Varta is a classic over-earner – benefiting from an unsustainable first-mover advantage in the market for coin-shaped Li-ion batteries used in TWS headphones such as the Apple Airpods. As this market has taken off, Varta is going from being the sole supplier to all its customers in 2019 to now being multi-sourced with many Chinese/Korean competitors coming in at meaningfully lower prices in 2020... We have confirmed that all its major customers ex-Apple have now added additional suppliers to Varta. Two suppliers are currently working closely with Apple to be potentially designed into the new model of Airpods slated to be introduced in Q1 ’21. As Varta goes from being the sole source in an undersupplied market to one of 2-4 vendors at each of its customers, we think current expectations for revenue and margins embedded in street numbers will prove to be too high. While market unit growth could continue being healthy, we think expectations of stable pricing and margins are egregious.

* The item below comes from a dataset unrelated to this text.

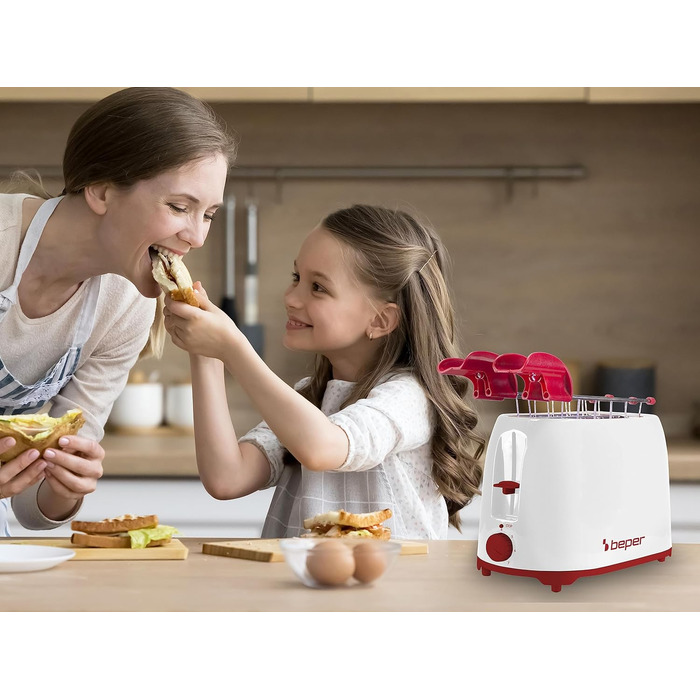 Тостер BEPER P101TOS100 з нержавійки, 7 режимів, піддон для крихт, 2 широкі слоти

Trading at ~26/20x the street’s current ‘21/’22 unrealistic earnings expectations we think there is 40-50% downside in the shares.

COMPANY DESCRIPTION

Varta is a battery manufacturer based in Germany. The company established itself as a manufacturer of coin-shaped microbatteries for hearing-aids with ~50% global share (~18% of sales). When Apple’s Airpods were introduced in late 2016, their popularity and those of other knock-off designs spawned a new high-growth category of True Wireless Stereo (TWS) headsets. Varta was able to leverage its know-how to becoming the first supplier of rechargeable coin-shaped Li-ion batteries to most of the premium brands in the market. The category has grown rapidly, from ~100mm premium headsets in 2019 to ~200mm expected in 2020. Based on guidance for 2020 (only 1 quarter remaining), TWS batteries account for ~1/3 of sales and ~2/3 of EBITDA with the other 2/3 of sales  closer to GDP-type growth (hearing aids grow MSD and consumer batteries LSD). ~90% of forward growth expectations for the company come from TWS batteries. A snapshot of the business is below:

 

DETAILS:

1)   TWS headsets took off with Airpods and Varta was there early – but that is rapidly changing

·      The introduction of AAPL’s Airpods in 2017 gave birth to a new category of cordless TWS headsets. These headsets require rechargeable Li-ion batteries in each earpiece in a compact coin-shaped form factor. Given Varta’s experience in producing disposable batteries for hearing aids in a similar form factor, the company was able to leverage this to being a first mover in the TWS market.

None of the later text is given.